Last night on our way home, we stopped for iced coffee at our favorite place, which gave me energy to be productive late into the night.

My daughter and I slept with open windows and fans. My son and I installed his AC, removed the flannel sheets from his bed, at last.

This morning I woke up late, spent awhile with the open windows and my dreams, eased into the day. It’s past noon and my daughter is in the shower. My son and I are at the kitchen table, both on our computers, toast crumbs on the plates, tea cooling to room temperature in our handmade mugs.

The weekend ahead is full only of plans for small things, laundry, packing for the kids’ week long camping trip with school, replacing storms with screens, Quaker Meeting if I am ambitious, book club after a many month hiatus, held at Walden Pond if the group takes my suggestion, at 5 pm on Sunday night, grocery shopping at some point if I gather steam, or not, if I choose to postpone til Monday morning, which I might.
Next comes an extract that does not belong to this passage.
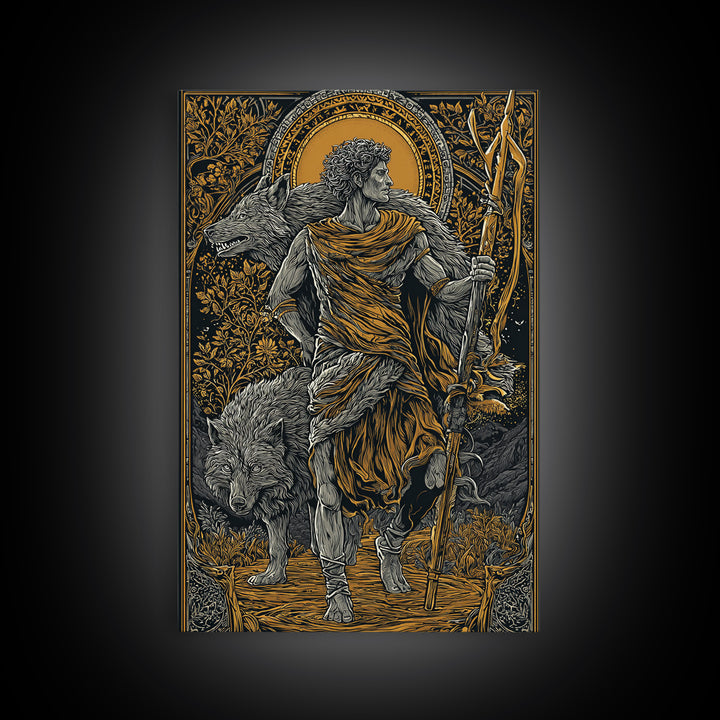 Romulus Canvas Gold Canvas Print, Roman Mythology Art, Real Wood Frame, Warrior Wall Decor, Luxury Canvas Artwork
My older son and his gal are house sitting for his dad the next two weeks, have been there all week with him in between weeks one and two and three of his being away, first for work, then on vacation. Our life is like this now, whole weeks and months when I don’t see my older son, whole hours and days and weeks when I don’t see my younger two.

Soon, as my daughter teased last night, she’ll move out, too, and live on her own. She said it with verve, as though she can’t wait, in the same long, languid conversation we had in the kitchen and on the back porch in the heat of the evening, during which she also told me about packing up all her toys at her dad’s house, and we thought of how that might happen here, who might like the collection of Littlest Petshop and other toys to which she no longer has an attachment.

Earlier in the evening we had joked about our “five person housing situation”, a variation on a joke from the first new episode of Arrested Development, in which Michael, the middle aged single father, moves into his son’s dorm room and is soon ousted from what he later refers to as his “four person housing situation.”

Fortunately, I haven’t stooped that low. I still have my home and the kids can’t kick me out.  But the shift is here, the children becoming independent, moving toward adulthood, the mom living gradually without the kids. I’m caught a bit off guard, was not expecting this so soon.  It’s good to have a warm and quiet day to absorb another phase of change.